§ **Directions**
Produce a verbatim transcription of all records.

Brief descriptive captions
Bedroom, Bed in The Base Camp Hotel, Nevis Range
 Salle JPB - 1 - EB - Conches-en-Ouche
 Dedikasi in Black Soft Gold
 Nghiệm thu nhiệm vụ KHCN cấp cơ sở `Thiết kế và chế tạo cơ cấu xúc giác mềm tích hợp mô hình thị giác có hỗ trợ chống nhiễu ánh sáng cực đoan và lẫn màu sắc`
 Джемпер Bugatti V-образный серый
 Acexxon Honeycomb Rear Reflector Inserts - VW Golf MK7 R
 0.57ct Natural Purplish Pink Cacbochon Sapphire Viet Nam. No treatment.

§ **Completed task**
Bedroom, Bed in The Base Camp Hotel, Nevis Range
 Salle JPB - 1 - EB - Conches-en-Ouche
 Dedikasi in Black Soft Gold
 Nghiệm thu nhiệm vụ KHCN cấp cơ sở `Thiết kế và chế tạo cơ cấu xúc giác mềm tích hợp mô hình thị giác có hỗ trợ chống nhiễu ánh sáng cực đoan và lẫn màu sắc`
 Джемпер Bugatti V-образный серый
 Acexxon Honeycomb Rear Reflector Inserts - VW Golf MK7 R
 0.57ct Natural Purplish Pink Cacbochon Sapphire Viet Nam. No treatment.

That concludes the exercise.